The life and works of D. A. F. de Sade would thus have no other use value than the common use value of excrement; in other words, for the most part, one most often only loves the rapid (and violent) pleasure of voiding this matter and no longer seeing it.
I am thus led to indicate how, in a way completely different from this usage, the sadism which is not completely different from that which existed before Sade appears positively, on the one hand, as an irruption of excremental forces (the excessive violation of modesty, positive algolagnia, the violent excretion of the sexual object coinciding with a powerful or tortured ejaculation, the libidinal interest in cadavers, vomiting, defecation...) — and on the other as a corresponding limitation, a narrow enslavement of everything that is opposed to this irruption. It is only in these concrete conditions that sad social necessity, human dignity, fatherland and family, as well as poetic sentiments, appear without a mask and without any play of light and shadow: it is finally impossible to see in those things anything other than subordinate forces: so many slaves working like cowards to prepare the beautiful blustering eruptions that alone are capable of answering the needs that torment the bowels of most men.
But, given that Sade revealed his conception of terrestrial life in the most outrageous form (even given that it is not possible to reveal immediately such a conception other than in a terrifying and inadmissible form), it is perhaps not surprising that people have believed it possible to get beyond its reach. Literary men apparently have the best reason for not confirming a brilliant verbal and low-cost apology through practice. They could even pretend that Sade was the first to take the trouble to situate the domain he described outside of and above all reality. They could easily affirm that the brilliant and suffocating value he wanted to give human existence is inconceivable outside of fiction, that only poetry, exempt from all practical applications, permits one to have at his disposal, to a certain extent, the brilliance and suffocation that the Marquis de Sade tried so indecently to provoke.
It is right to recognize that, even practiced in the extremely implicit form it has retained up to this point, such a diversion discredits its authors (at the very least among those — even if, moreover, they are horrified by sadism — who refuse to become interested, for bad as well as for good reasons, in simple verbal prestidigitation).

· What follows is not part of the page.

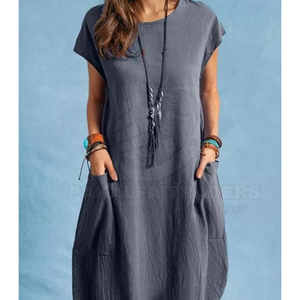 2025 nueva llegada mujeres Mini vestido informal sólido manga larga Vestido corto Simple para uso diario hecho en Pakistán - Product Image 4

The fact remains, unfortunately, that this diversion has been practiced for so long without denunciation, under cover of a fairly poor phraseology, simply because it takes place in an area where, it seems, everything slips away... It is no doubt almost useless at the present time to set forth rational propositions, since they could only be taken up for the profit of some convenient and — even in an apocalyptic guise — thoroughly literary enterprise: in other words, on the condition that they be useful for ambitions calculated by the impotence of present-day man. The slightest hope, in fact, involves the destruction (the disappearance) of a society that has so ridiculously allowed the one who conceives that hope to exist.
The time has no less come, it seems to me — under the indifferent eyes of my comrades — to bet on a future that has, it is true, only an unfortunate, hallucinatory existence. At the very least the plan I think possible to sketch intellectually today of what will really exist later is the only thing that links the various preliminary propositions that follow to a still sickly will to agitation.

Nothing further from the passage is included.